Apa artinya ? bond itu bukan utang dalam art gadai. Tetapi berhutang lewat sistem dimana likuiditasnya dijamin oleh Pasar. Sama dengan uang. Selagi orang percaya, maka bond itu akan terus berputar dari satu tangan ke tangan lainnya. Bagaimana orang bisa terus percaya? Selagi pemerintah focus menjaga pertumbuhan ekonomi lewat investasi, produksi, konsumsi dan APBN/D tersalurkan untuk memperkuat fundamtental ekonomi, maka bond adalah solusi efektif sebagai sumber daya keuangan. Mengapa ?
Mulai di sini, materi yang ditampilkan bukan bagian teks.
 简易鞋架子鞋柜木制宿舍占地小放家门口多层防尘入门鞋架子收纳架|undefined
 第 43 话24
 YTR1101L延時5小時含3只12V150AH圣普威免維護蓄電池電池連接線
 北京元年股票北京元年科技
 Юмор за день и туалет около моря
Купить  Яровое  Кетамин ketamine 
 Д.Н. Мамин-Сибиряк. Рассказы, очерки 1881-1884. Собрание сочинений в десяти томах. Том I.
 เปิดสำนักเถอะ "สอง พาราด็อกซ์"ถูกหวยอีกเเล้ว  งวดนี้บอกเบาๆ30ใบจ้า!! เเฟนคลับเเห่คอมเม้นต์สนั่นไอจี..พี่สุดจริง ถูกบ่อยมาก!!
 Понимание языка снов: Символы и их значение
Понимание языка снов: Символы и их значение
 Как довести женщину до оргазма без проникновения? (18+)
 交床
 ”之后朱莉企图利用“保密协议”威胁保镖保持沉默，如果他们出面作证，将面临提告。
Pertama, pemerintah tidak perlu kawatir dengan defisit APBN bila ingin mencapai target pertumbuhan yang dikehendaki. Mekanisme bond sangat likuid untuk menutupi defisit. Engga perlu pakai lobi dengan lender atau negara kreditur. Karena sistemnya sudah established. Kelembagaan juga sudah established

Kedua, pemerintah tidak perlu mengorbankan cash flow untuk pembangunan bila harus bayar utang dan bunga. Karena mekanisme bond menyediakan sumber pembiayaan untuk mengamankan cash flow tersebut. Dan lagi investor akan lebih senang bila pasokan obligasi terus bertambah di pasar. Karena bisa meningkatkan value portfolionya.

Ketiga, mekanisme Surat utang negara ( bond), bukan sebagai sumber utama pembiayaan pembangunan.  Sumber utama APBN tetap berasal dari pajak , bagi hasil tambang dan lain lan.  SUN hanya dipakai untuk menutupi defisit, dan batasan ( pagu ) yang dibolehkan sesuai UU, adalah 3% dari PDB. Kalau ada perubahan pagu defisit, harus izin dari DPR. Sementara sesuai dengan ketentuan dalam Undang-undang Nomor 17 Tahun 2003 tentang Keuangan Negara, rasio utang terhadap PDB (Produk Domestik Bruto) maksimum sebesar 60%. Jadi pengawasannya sangat ketat dan konstitusional. Engga bisa direkayasa. Sangat transparan.

Keempat, dengan penerbitan Bond, memaksa pemerintah transparan dalam mengelola keuangan negara.  Investor selalu mengawasi segala aspek terhadap kinerja pemerintah. Seperti misal,  investor akan melihat berapa CPI ( Corruption perception index) kita. Semakin buruk index CPI semakin besar resiko Bond dan tentu semakin tinggi yield nya. Ini engga sehat. Pemerintah juga harus menjaga performance bisnis index seperti ease of doing business index , untuk memastikan pertumbuhan bisnis berkembang. Pemerintah juga harus meningkatkan Logistics Performance Index (LPI) agar investasi dan produksi tumbuh. Tentu pemerintah juga harus menjaga fundamental ekonomi dari sisi tingkat inflasi, cadangan devisa, neraca berjalan, dan defisit primer dll. Kalau ada orang tidak setuju negara berhutang dengan skema bond dan lebih memilih pinjam ke negara kreditur, itu artinya dia tidak ingin negara transparan dan lebih ingin negara jadi jongos asing.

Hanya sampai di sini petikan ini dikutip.